Culture is a collective expression of art. A culture is the sum of everything that has been created and cultivated within a people or a geographical area through generations. All customs and traditional artifacts that exist in any region have been introduced at some period in history and gradually developed until the present time. The first introduction was like a moment of artistic creation; innovating and inspired ideas. It didn’t happen instantly as it involved many people and needed the passing of time to mature, but it was like a gigantic extension of what happens in the microcosm of an artist’s mind.

A culture has no beginning. It is the result of a steady flow of innovation and cultivation, introduction and development.

The person of the artist is the most active and consciously moving principle in this continuous narration, for he is an individual and only individuals act in the proper sense of the word. Therefore the function of art in a culture is to be the driving force. Every single work of art is an expression of cultural vitality. Without it a culture would go stale and eventually disappear.

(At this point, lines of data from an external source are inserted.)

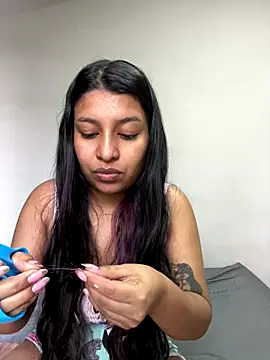  Chloe Smith online show from 28, 10, 2025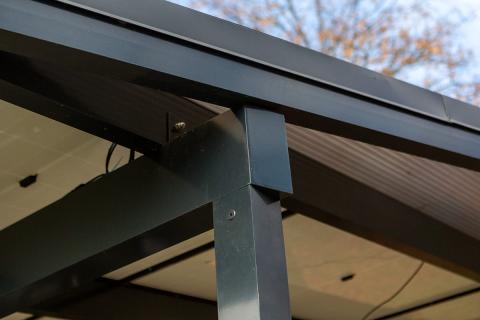 Egyedi Kocsibeallo Napelemes Kocsibeallo Dupla Kocsibeallo Autobeallo Epites Aluminium Szerkezet Deluxe Building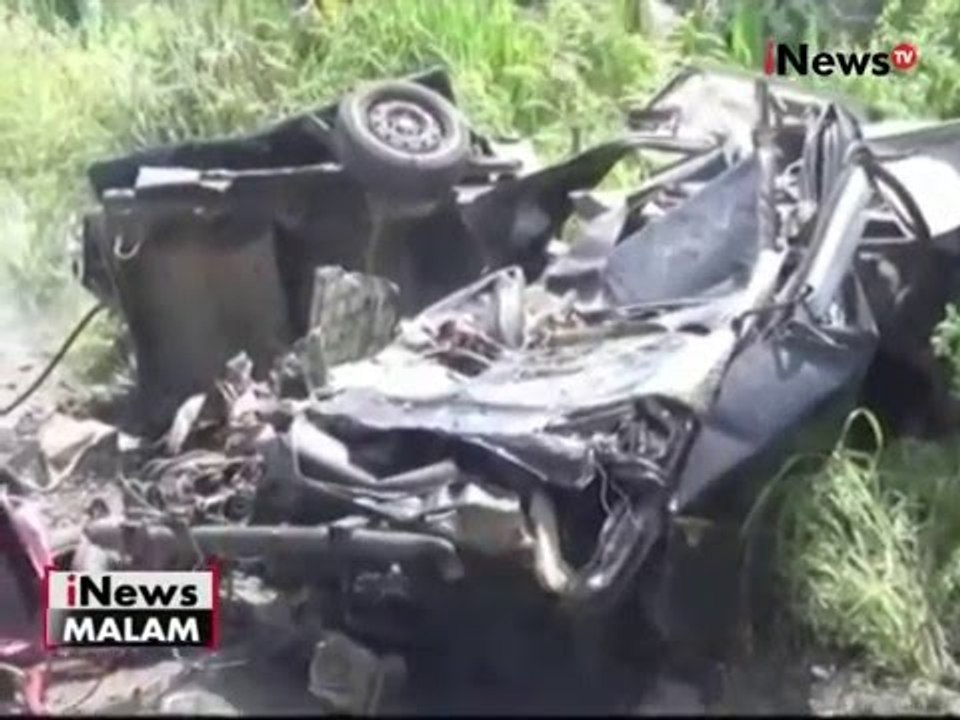 Rem blong, truk tangki bermuatan gas terbalik d...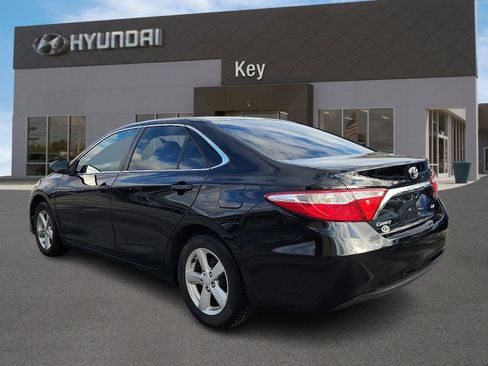 Used 2017 Toyota Camry LE image 5
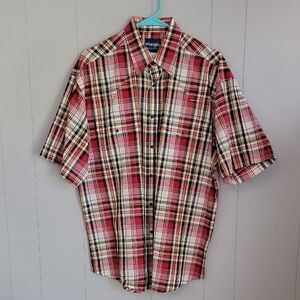 Wrangler Men's Shirt Large Red Plaid Short Sleeve Button Down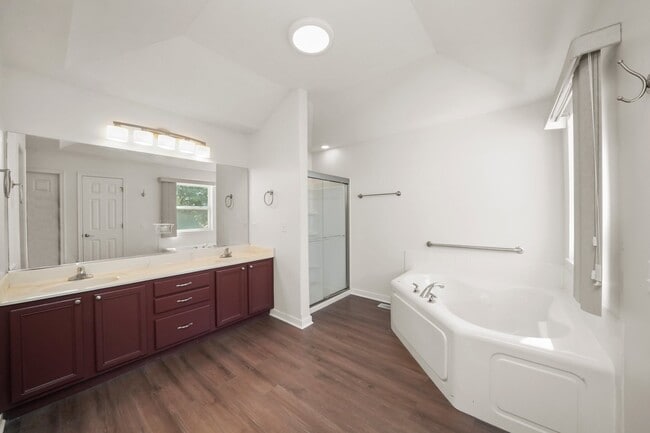 Photo - 3251 Thunderbird Ct E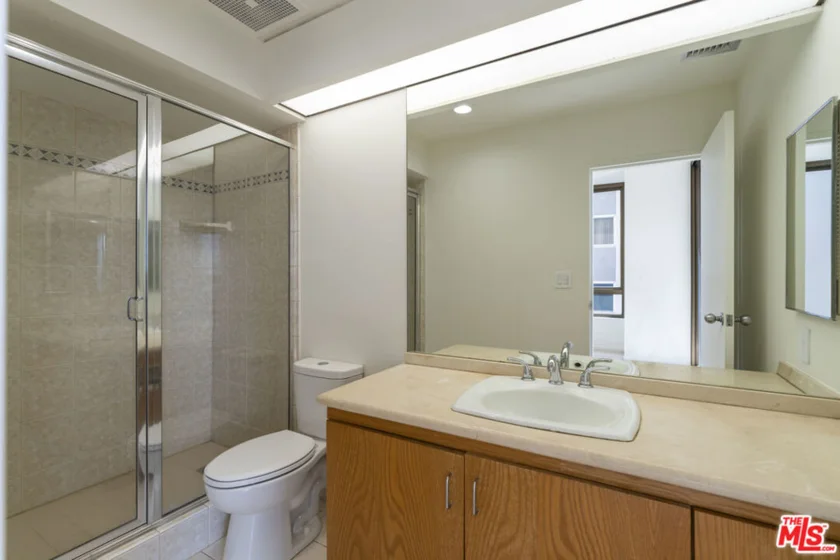 10430 Wilshire Boulevard #606 photo 25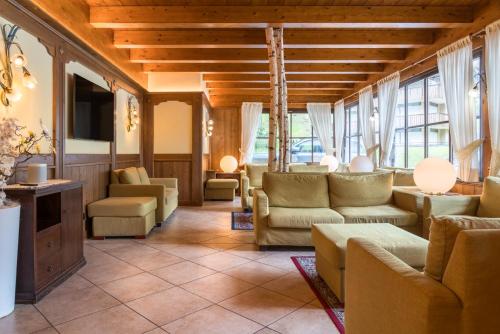 Hotel Betulla in Madonna di Campiglio City Center Hotel Betulla in Madonna di Campiglio City Center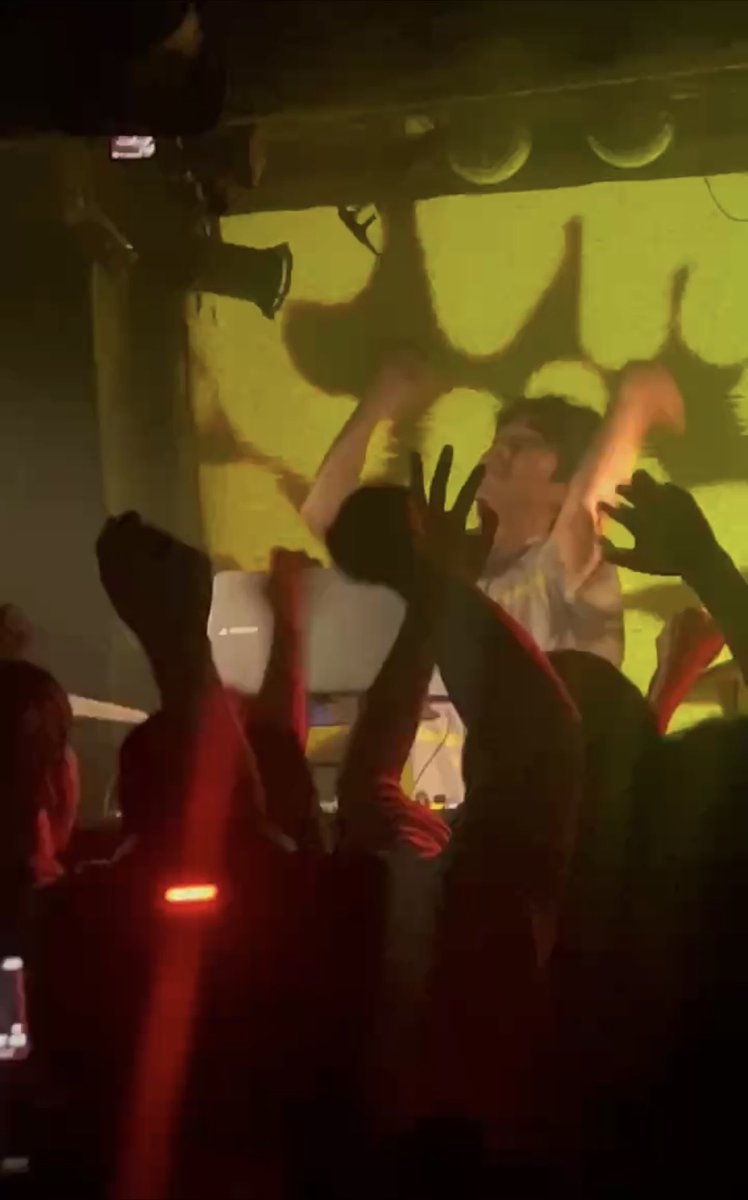 京都METROにて2DAYS！「FRICTION P」と「シュッとしとるヤツ」、ありがとうございました〜！！！最初から最後まで、本当に最高の二日間。最高の人達と音に囲まれて幸せな時間でした〜。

Preservation and innovation are intertwined processes. If a culture were reduced to mere copying of previous grandeur, it would soon become a museum and die. Of course that could never really happen for among living people some will always have the urge to create.

In the history of any culture, we observe the tide of artistic activity. Some periods and places have seen frantic movements of stunning proportions while many others seem to have been simmering quietly through the hidden pages of history. But the world today is a living witness of them all.

An artist is a bearer of culture, both as innovator and preserver. If he is deeply anchored in his native culture his creations serve directly to uphold it and strengthen it. If he is rather eclectic in his sources of inspiration or even an odd and independent occurrence, he is still an active keeper of cultural vitality.

To create is to cultivate.

April 6, 2017 / Congau

Freedom and Responsibility

Freedom and responsibility seem to be contradictory terms. To be free is to be able to do whatever you want and a responsibility is a restricting duty. The only way to harmonize these two opposing notions is to suppose that we actually want to carry out our responsibilities and for that to be the case they have to originate from us.

So where do our responsibilities come from? We didn’t choose to be born and we never volunteered to be a part of society, so how can a free person be burdened with responsibilities from the very beginning? It is only possible if we presume that they are somehow acquired by us.

We can take a responsibility, it can be given us if we accept it, but it cannot be forced upon us against our will. In a prison no one actually has a responsibility. Only when we voluntarily enter into a relationship with other people can anything rightfully be expected of us.

But unfortunately it is not quite as simple as that, for it is not always clear what it means for something to be voluntary. Active consent may not be a prerequisite in cases where the individuals are not able to see the full consequences of their choice. The child can be forced to go to school because it is assumed that it would have chosen to do so if the situation had been fully understood. Grown-ups may also find themselves in a similar situation although no one can have an a priori right to make decisions for them.

A prisoner, who insists on staying in jail, can be forced to be free, for no one can possibly want not to do as they want. This may be controversial, but such a concept is necessary if we are to accept that responsibilities can be imposed on us without explicit consent. We would have agreed to take a certain responsibility if we had understood that it was a necessary consequence of a desired situation. When that is not the case, freedom and responsibility remain contradictory.